Вся группа твоя под окном роддома будет водить каравайные хороводы. И жизнь будет круглой, каравайной, вкусной и душистой.
Хотя в стране не было ничего: ни пеленок, ни стирального порошка, ни мыла, ни сахара. Зато был юный муж - непризнанный гений. И надо было добыть, принести, утешить. А на крошечной кухне - сто друзей, а в спальне рыдает брошенная своим любимым лучшая подруга. А в шесть, как по будильнику, проснется грудничок. И все это не в тягость, ты многое можешь, ты сильная, ты девочка, знающая слово "гудрон".
Властная свекровь, впитавшая суровые реалии советской власти, родители, выдавленные перестройкой с работы. Бабушки-дедушки, коты-собаки - тебя хватает и на них.
Смелая и сильная, бывшая лихая партизанка дворовых войн и кладоискательница старых подвалов, тебя так просто не согнуть. И это знают все. И эти все выстраиваться у тебя за спиной по росту. Ты матрешка всея Руси, ты родина-мать, и ты, мать-перемать, к этому готова с детства. Тебя еще хорошо учили в школе, и ты помнишь Некрасова. И грудью проложишь, и в избу войдешь...
А все же не катится жизнь голубым вагоном, а может, и катится, только ты одна стоишь на перроне, как Анна Каренина. И сердце в клочья, и слез нет. Но Анна Каренина не была командиром всего военного отряда, она не лечила раны подорожником и не вытаскивала, шмыгая носом, железную занозу из босой ноги однополчанина. Легкие решения не для тебя.

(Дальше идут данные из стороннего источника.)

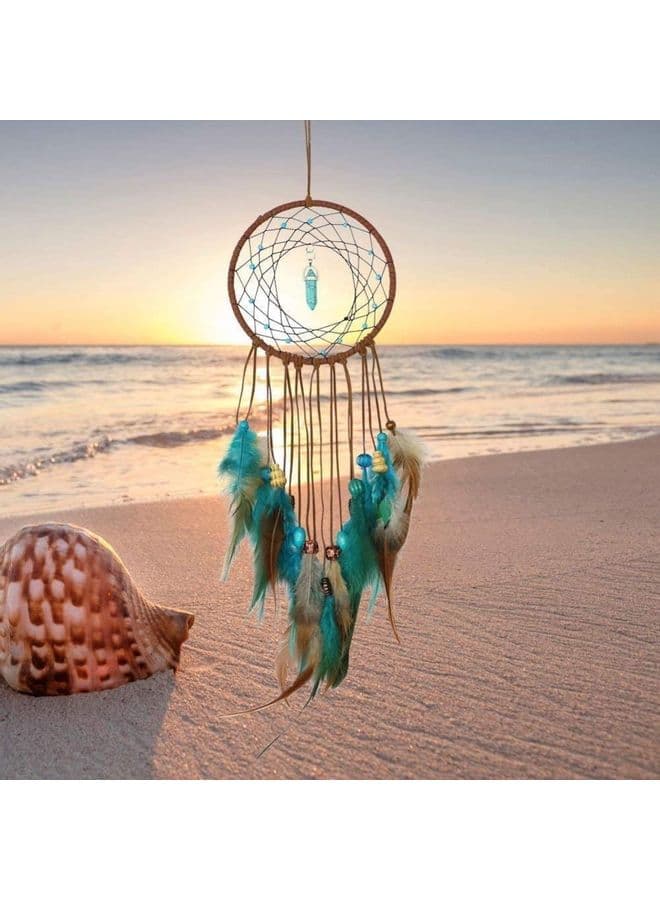 Decorative Handmade Feather Lace Dream Catcher Brown/Blue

И ты уходишь с перрона, опять и опять выбирая жизнь.
И в награду эта жизнь накатывает на тебя теплыми волнам, и ты видишь все, что видят и другие, но немного иначе. И звезды над землей - твои звезды, и любовь твоя все-таки любовь, и дети твои хорошие. А какими они еще могут быть у девочки, знающей слово гудрон?
Ты настоящая. И ничего с этим миром плохого не случится, пока его держит теплыми ладонями эта девочка, лучшая девочка на планете.